● What you will do
Exactly as written, output the lines below starting from the first and ending with the line that contains "Young girl with"; omit pictures.
┌──
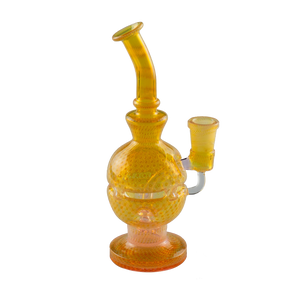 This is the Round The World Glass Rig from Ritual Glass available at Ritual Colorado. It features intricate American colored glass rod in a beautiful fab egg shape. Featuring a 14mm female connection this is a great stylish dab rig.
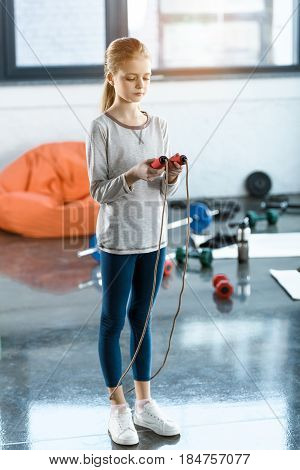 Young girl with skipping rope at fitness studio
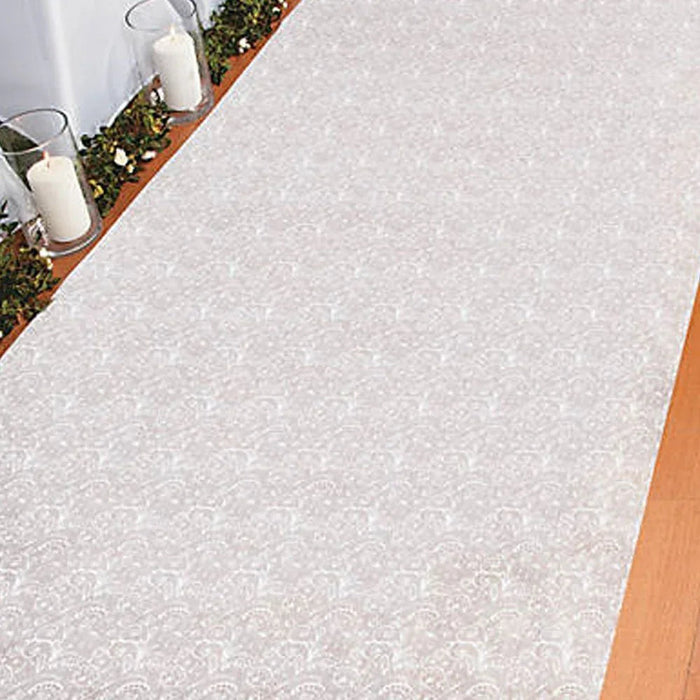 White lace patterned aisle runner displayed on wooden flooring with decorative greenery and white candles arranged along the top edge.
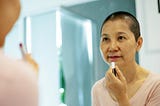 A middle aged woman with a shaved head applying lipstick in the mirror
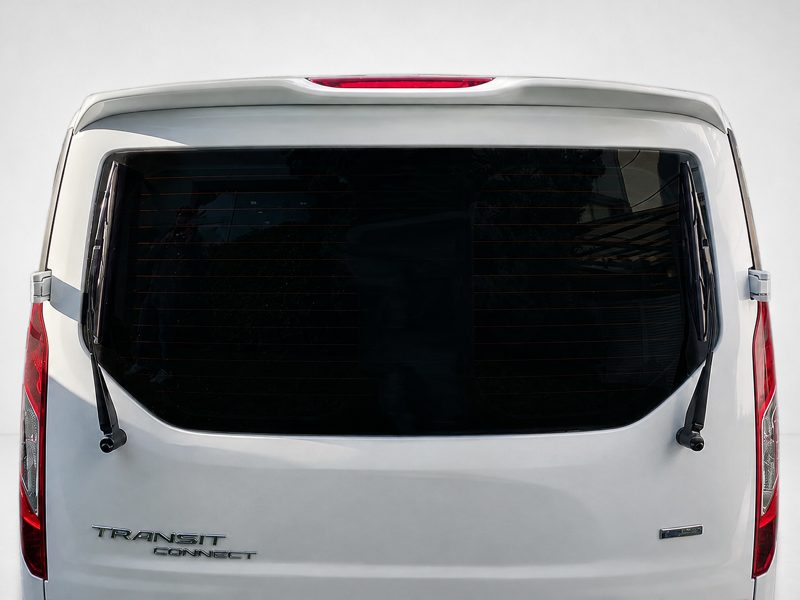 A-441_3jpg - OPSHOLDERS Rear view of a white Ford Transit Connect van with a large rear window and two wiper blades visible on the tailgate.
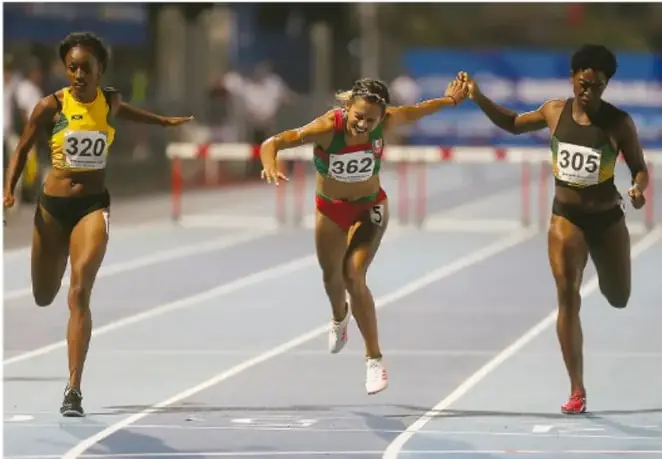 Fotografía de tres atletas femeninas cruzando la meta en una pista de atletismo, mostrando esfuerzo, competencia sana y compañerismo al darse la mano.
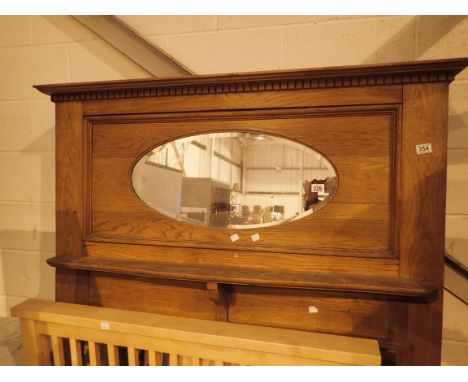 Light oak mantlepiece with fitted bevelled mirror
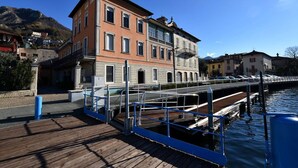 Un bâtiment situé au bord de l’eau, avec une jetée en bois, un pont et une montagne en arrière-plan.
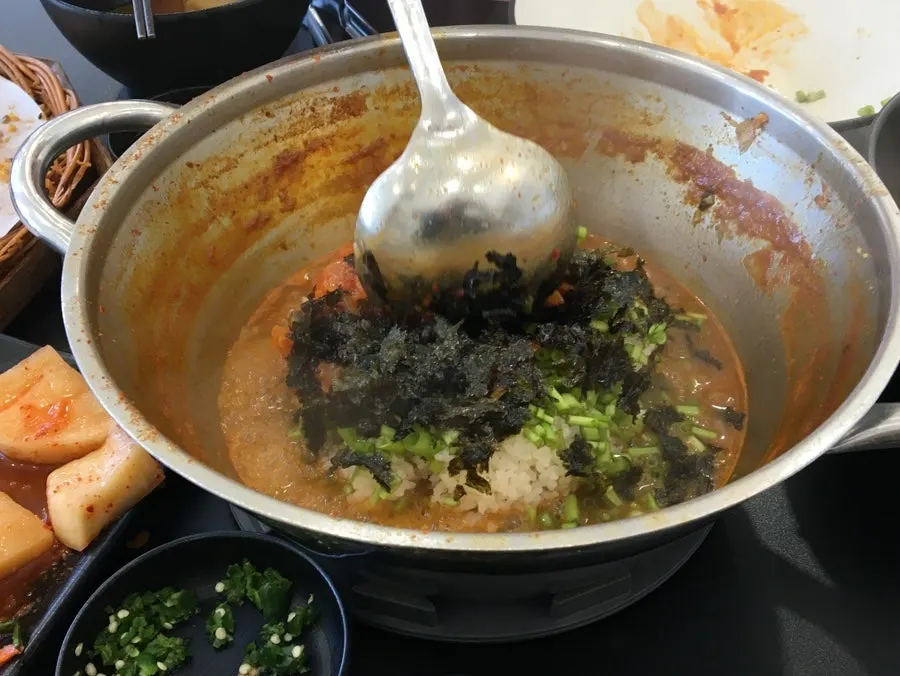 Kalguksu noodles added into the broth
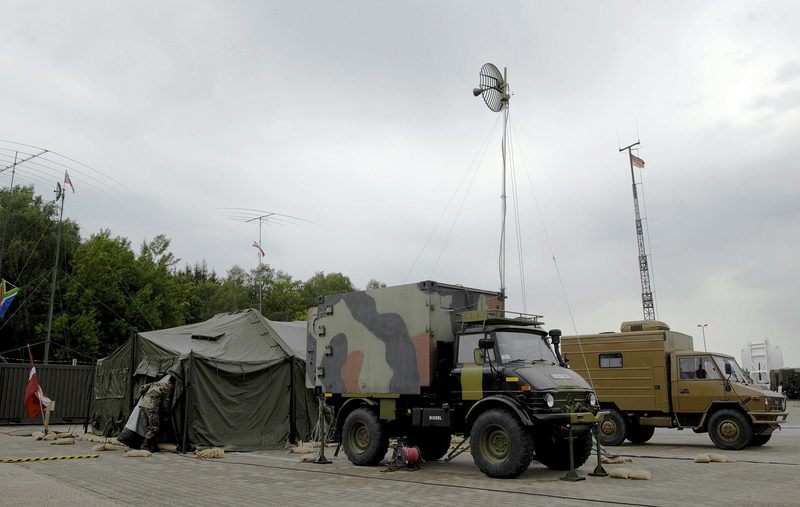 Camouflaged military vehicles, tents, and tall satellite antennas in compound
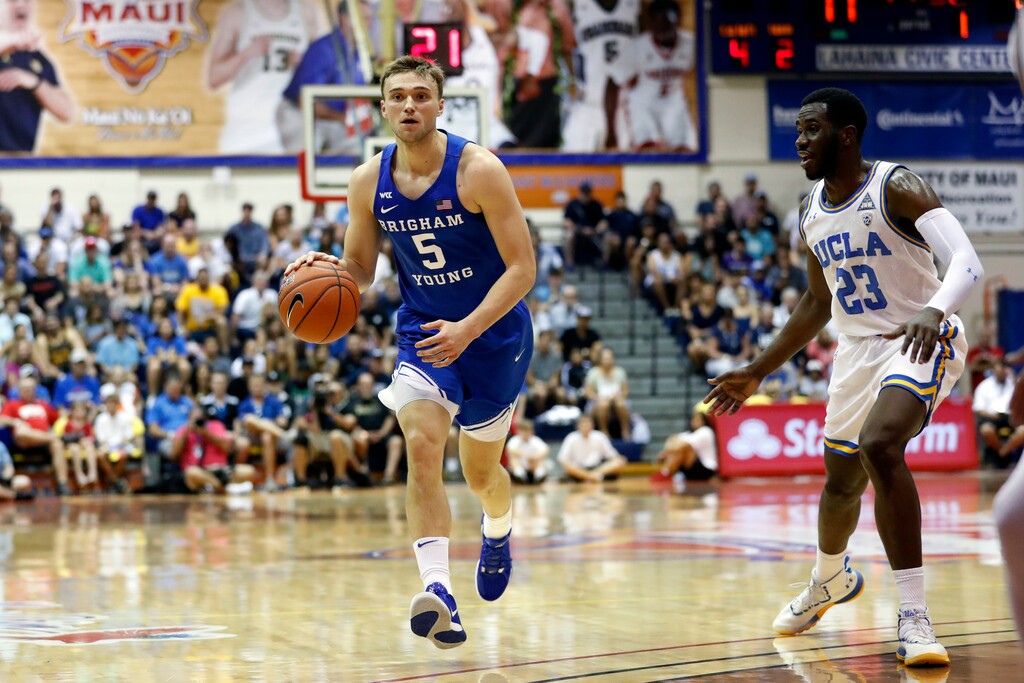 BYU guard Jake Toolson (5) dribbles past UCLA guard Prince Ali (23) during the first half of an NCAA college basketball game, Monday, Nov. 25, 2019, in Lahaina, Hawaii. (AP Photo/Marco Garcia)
└──
● Reply
 This is the Round The World Glass Rig from Ritual Glass available at Ritual Colorado. It features intricate American colored glass rod in a beautiful fab egg shape. Featuring a 14mm female connection this is a great stylish dab rig.
 Young girl with skipping rope at fitness studio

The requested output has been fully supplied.